Trotz der vielen Früchte: Auf den zweiten Blick sind gerade die «guten» Jahre für Obstbauern nicht nur Grund zur Freude. «Eine bessere Ernte heisst nicht automatisch mehr Geld», sagt Susy Birrer vom Gummenhof in Niederwil. «In ländlichen Regionen wird weniger gekauft, weil viele Leute selbst genug Äpfel haben.»

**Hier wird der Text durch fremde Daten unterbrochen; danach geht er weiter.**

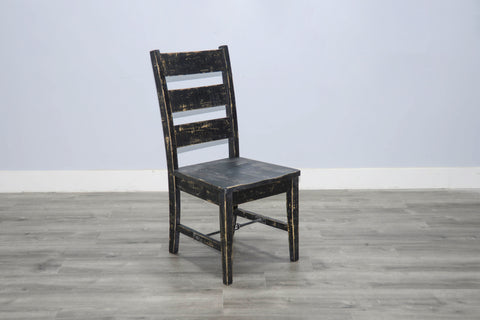 Ladderback - Chair With Turnbukle Stretchers - Premium Chair Sets from Sunny Designs - Just $230! Shop now at brett interiors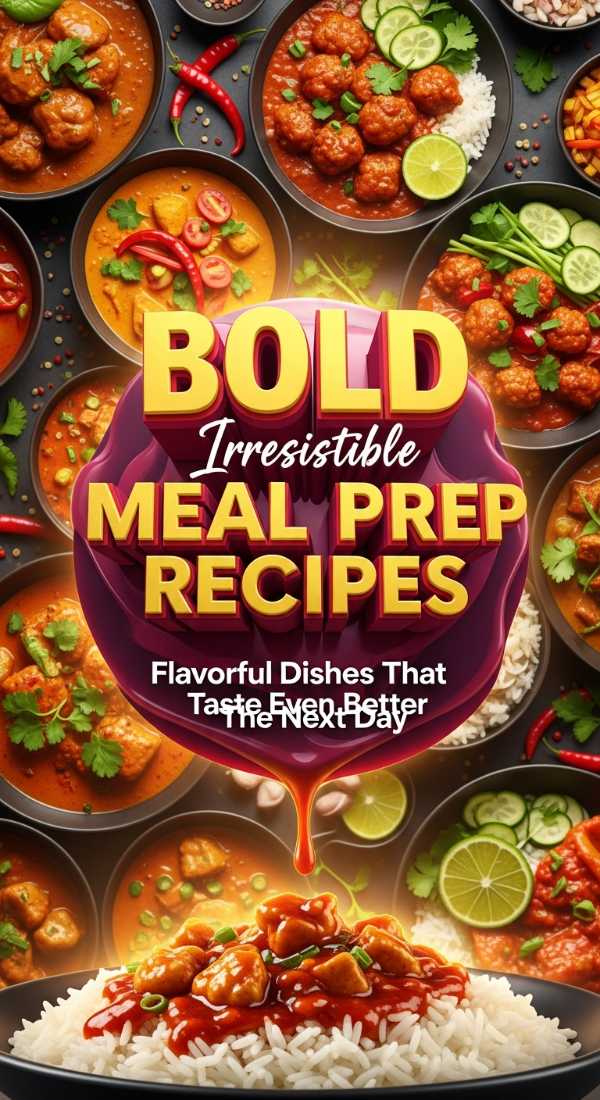 Bold Irresistible Meal Prep Recipes 69f060926041f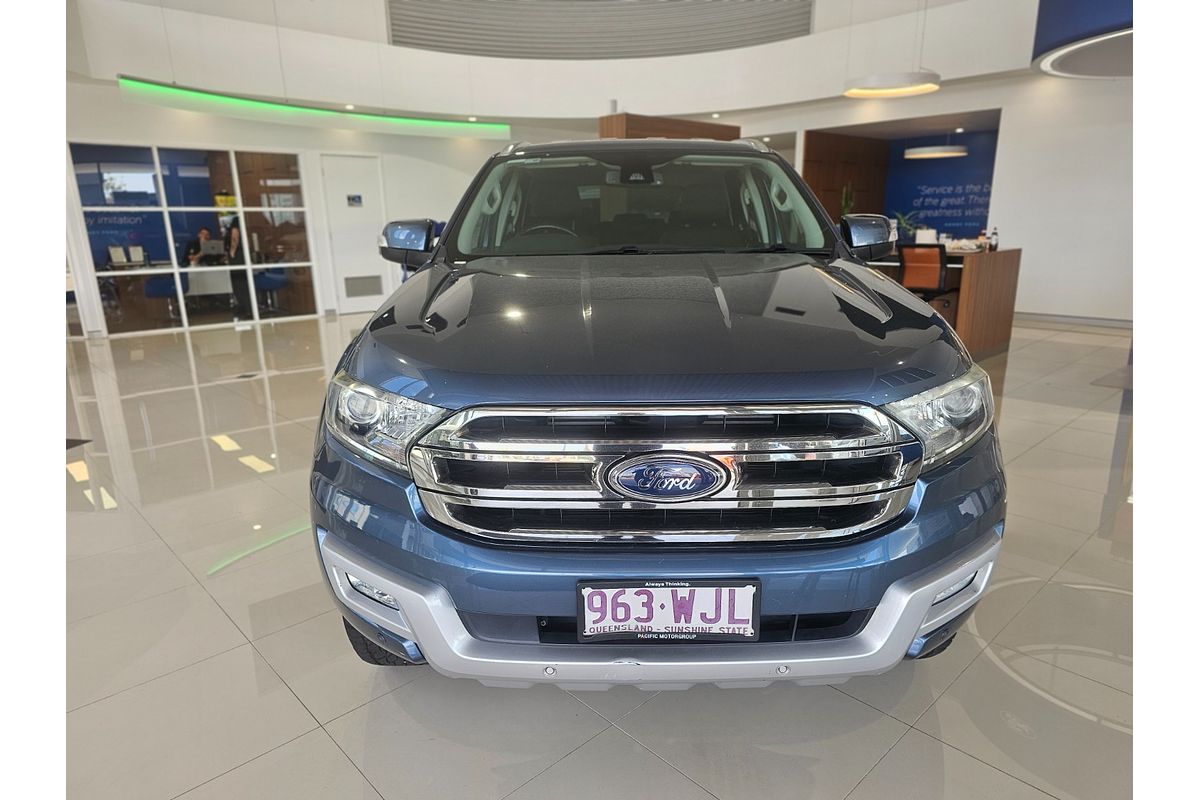 2016 Ford Everest Trend UA 3.2L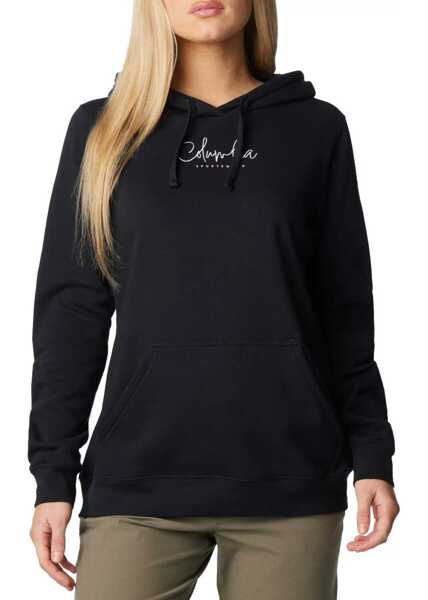 Bluze de trening Columbia Trek Graphic Treatment Hoodie Black Femei (BM 15917600) 1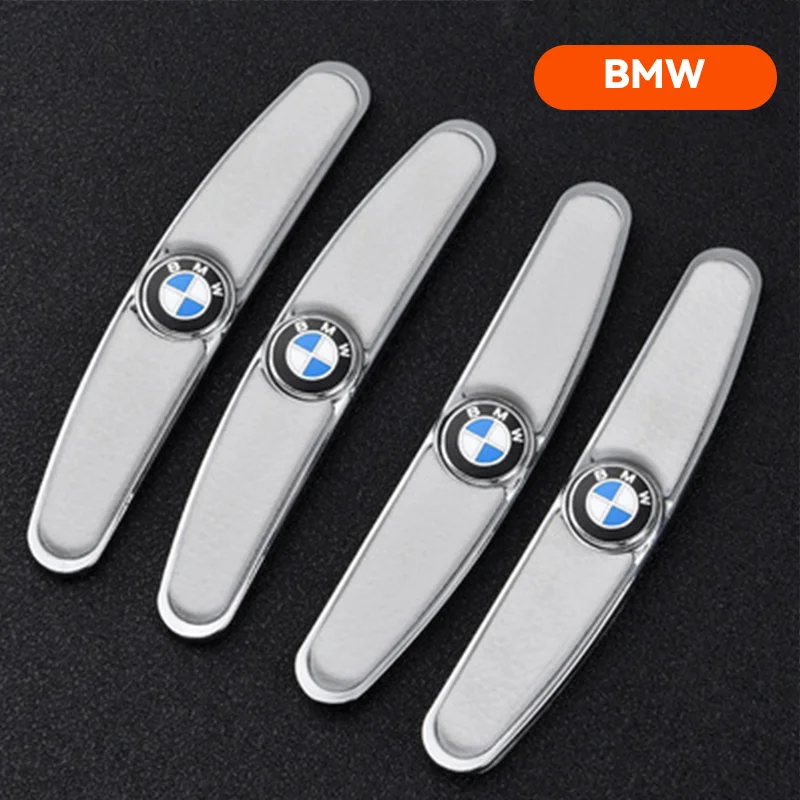 Car door metal anti-collision strip (4 pcs)
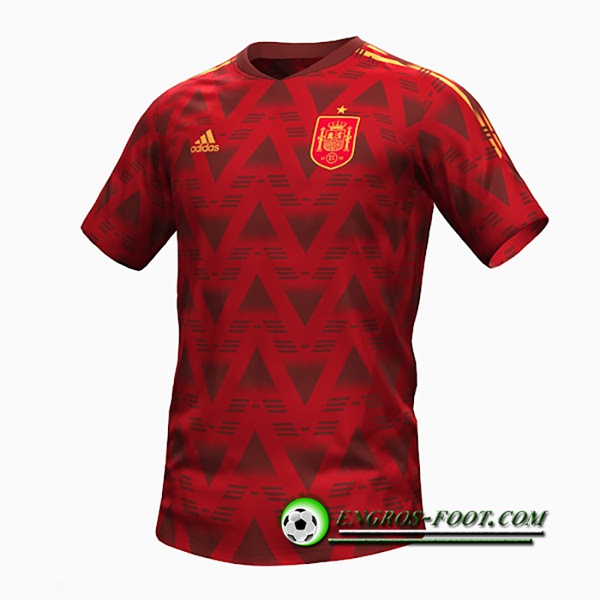 Maillot Equipe Foot Espagne Domicile 2022/2023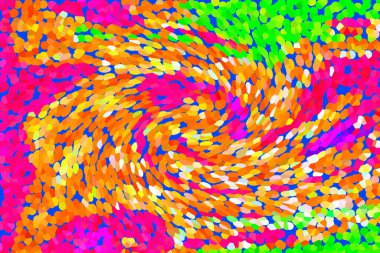 Hayattaki yaratıcı çizimler. Tasarımcılar için renkli ve güzel arkaplan modelleri.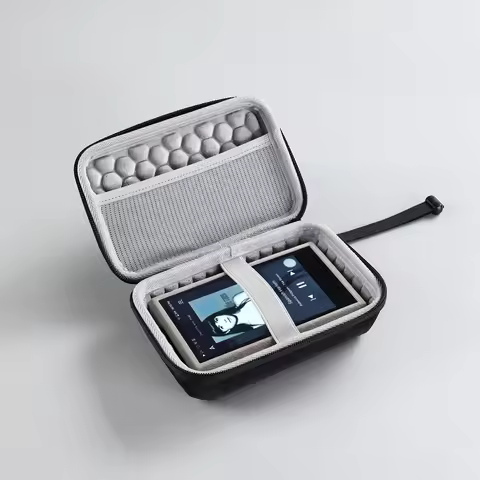 Hard Carrying Case Storage Box for Sony Walkman NW-WM1AM2 NW-WM1ZM2 for Fiio M15S M11 PLUS iRiver SP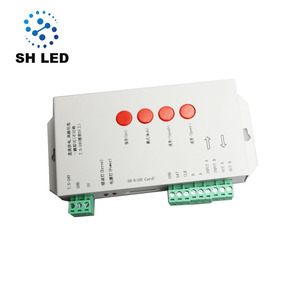 RGB Programı led sd kart LPD6803 TTL T-1000s Led Denetleyici Peyzaj Aydınlatma - Product Image 6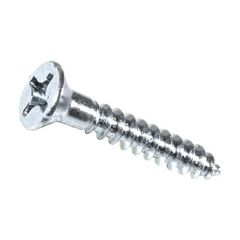 Screw Phillips Flat Head Wood Bx/ 100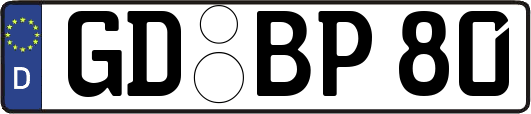 GD-BP80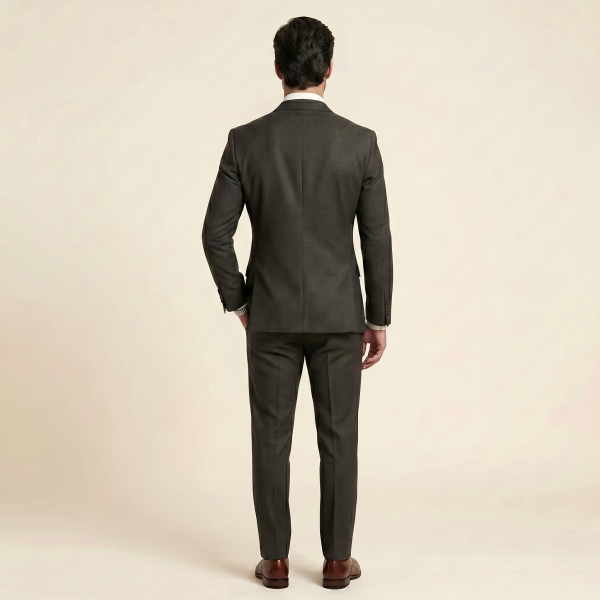 Exquisite Dark Espresso – Premium Men’s Full Suit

Am 30. August hat der Gummenhof mit dem Pflücken der Galaäpfel begonnen – letztes Jahr war die beliebteste Schweizer Sorte erst Mitte September reif. «Gute Jahre sind eher die schwierigen Jahre für die Vermarktung» sagt auch Konrad Vogt. Die Äpfel werden eingelagert und im Winter verkauft. Hinzu kommt: Zwar fällt die Ernte auch bei professionellen Obstproduzenten höher aus, die Schwankungen sind aber etwas weniger hoch als im privaten Garten. Denn die Bauern steuern die Menge der Äpfel. «Wir sind bestrebt, jedes Jahr die gleiche Menge zu haben», erklärt Birrer. Im Juni machen sie sich von Hand mit der Schere ans Werk und schneiden überzählige Früchte ab.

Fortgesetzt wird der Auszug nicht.